As soon as the Elba Town Board found out about cash from scrap metal sales being used to buy a flat-screen TV, popcorn popper and coffeemaker for the highway department, the board instituted new accounting controls to better track funds from the sales, according to Town Supervisor Lucine Kauffman.
Disclosure of the sales and purchases were part of an audit report on nine Western New York governments and the Batavia School District by the NYS Comptroller's Office.
Investigators specifically looked into how procedures for scrap material sales were handled. The finding: Of the $132,000 in scrap sales, there was inadequate tracking and accounting of more than $27,000 in cash.
Elba had the distinction of the only flat-screen TV purchased with the cash.
"It was not a practice we (the board) knew about and we put a stop to it immediately," Kauffman said.
According to the report, the highway superintendent for Elba at the time, Allan Totten, made $5,605 in scrap sales from June 2006 to July 2009. The scrap buyer paid with a check for $1,119 in purchases and paid cash on 18 occasions, totalling $4,486.
When he got checks, Totten reportedly turned the checks over to the town and the money went into the general fund.
Kauffman says the Town of Elba contracts with a vendor to pick up scrap metal from its transfer station and it rents a receptacle from the vendor. Proceeds from the sale of this scrap metal has been in the form of a check mailed directly to her.
The scrap metal sold by the highway department employees for cash consisted of items they transported to the vendor. When he got cash, Totten treated it as a "coffee fund" -- petty cash to use within his department.
After auditors questioned this practice, Totten reportedly turned over $1,113 to the town. He didn't have receipts for the purchase of the TV and small appliances, but auditors said they visually confirmed those items were in the highway offices.
Kauffman said in response, that the town notified the scrap buyer that all purchases must be paid for by check from now on, that specific accounting of each transaction must take place. Furthermore, there is no "coffee fund" now.

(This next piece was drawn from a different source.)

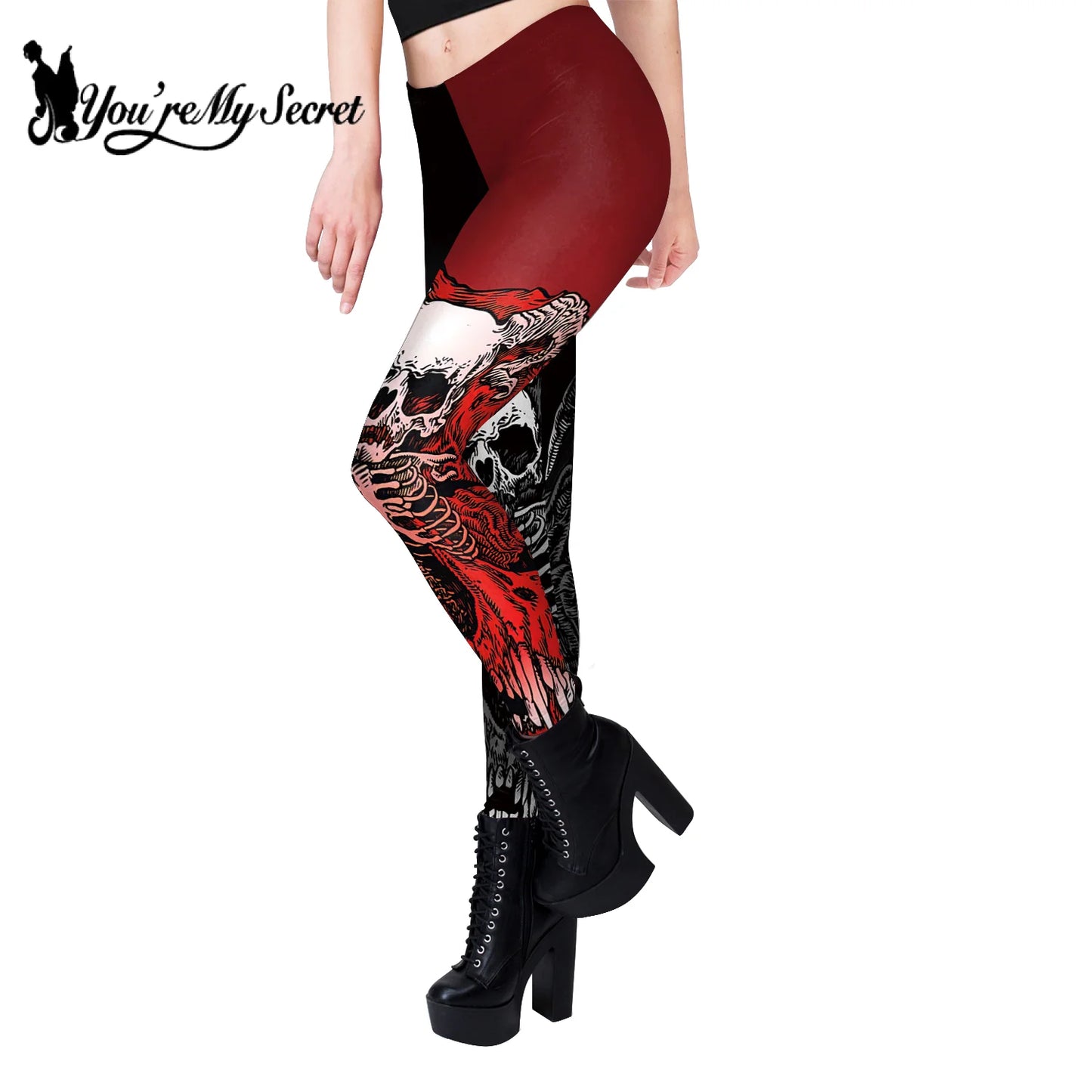 Gothic Skull Print Halloween Skeleton Print Legging Punk Fitness Ankle Pants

Purchases for refreshments are reimbursable only under specific conditions, one of which is that the refreshments are for highway department employees from other municipalities assisting with Town of Elba projects.
These purchases will be specifically regulated as to how much money can be spent on authorized items. The town also adopted a code of ethics and wrote a scrap metal policy.

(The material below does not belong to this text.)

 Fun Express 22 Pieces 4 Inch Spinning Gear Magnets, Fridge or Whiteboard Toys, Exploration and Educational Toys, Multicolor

And writing the policy was made a bit harder, Kauffman said, because she couldn't find another jurisdiction that could provide an example of their own (written) scrap sales policies. They just didn't exist, Kauffman said.
That was one of the issues the comptroller's office apparently was trying to address in its audit of government agencies.
In the Batavia School District, auditors identified nearly $4,700 in cash sale proceeds for the period September 2006 through November 2008 that were not recorded or documented.
Some of the sales were recorded in the names of district employees and employees included personal scrap in the pile.
The City of Batavia and Town of Oakfield were found to have informal procedures for accounting for scrap sales and the audit report suggests that formal procedures be adopted.